Spring is upon us and that means college students across America plan to bolt to one of the infamous spring break locations. Before you kids peel off your winter coats and book flights to one of those overrated, booze-law-heavy, has-been spots where your parents and their parents first learned to puke-and-rally, first consider what Russia has to offer. Spring-breaking is a very particular from of vacationing that is not traditionally relaxation-heavy; the popular demand for a spring break spot is one that promotes mildly savage behavior.

Spring breakers lust for binge drinking, imminent danger, vicious partying, coquettish dance clubs, monotonous vomiting, and perennial hangovers. In a vodka-soaked country, it would be impossible to exclude any of these favorable attributes; it is baffling why Russia’s resume’ has been undeniably overlooked by MTV’s spring break. Admittedly, the frigid weather may be a factor in this, but when you are drunk enough to brush-off an unprovoked punch to the face by your best friend, how difficult is it to handle negative thirty degree weather? Not hard at all. So let’s take a dive into Putin’s stomping grounds and see why Russia is the next hotbed for our nation’s next generation of ragers.
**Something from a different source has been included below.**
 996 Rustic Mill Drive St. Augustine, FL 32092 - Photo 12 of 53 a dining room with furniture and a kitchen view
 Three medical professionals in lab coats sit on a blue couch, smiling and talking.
Russia dances around the top of the list for the most per capita annual alcohol consumption at 15.76 liters. Although they are not technically at the peak of global consumption, they primarily drink spirits, which bumps them up a few spots in terms of liver damage and party intensity. While most Americans have been downing 4 Loko chemical juice and a watered-down water drink called Natural Light, the East Slavs haven’t been nearly as “soft,” shooting straight vodka like seasoned sorority girls.
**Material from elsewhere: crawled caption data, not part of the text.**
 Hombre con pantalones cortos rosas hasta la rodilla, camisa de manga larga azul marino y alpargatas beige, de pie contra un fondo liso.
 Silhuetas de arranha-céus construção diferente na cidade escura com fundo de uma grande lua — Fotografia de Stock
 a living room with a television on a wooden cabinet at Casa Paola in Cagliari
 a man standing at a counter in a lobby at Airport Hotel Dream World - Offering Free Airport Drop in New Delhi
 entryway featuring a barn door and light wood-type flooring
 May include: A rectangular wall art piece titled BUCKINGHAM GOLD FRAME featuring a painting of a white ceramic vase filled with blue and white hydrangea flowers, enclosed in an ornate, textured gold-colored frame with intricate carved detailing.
Customarily, in America, we order a single drink at the bar, finish it, and wait on the bartender for our refill. In Russia, they opt to purchase and entire bottle of Vodka so the waiting game is completely eliminated from the equation. The avenue in which they consume the vodka does not include frilly mixers or carbonated waters — they do shots. In a systematic, faultless pattern, a half-shot is poured every seven minutes. In a country where 52% of deaths between the ages of 15–54 are attributed to alcohol abuse, each seven-minute-shot is logically toasted “to good health!” Although Russians are infamous for their alcohol-heavy culture, they also have a savvy and resourceful recreational drug scene.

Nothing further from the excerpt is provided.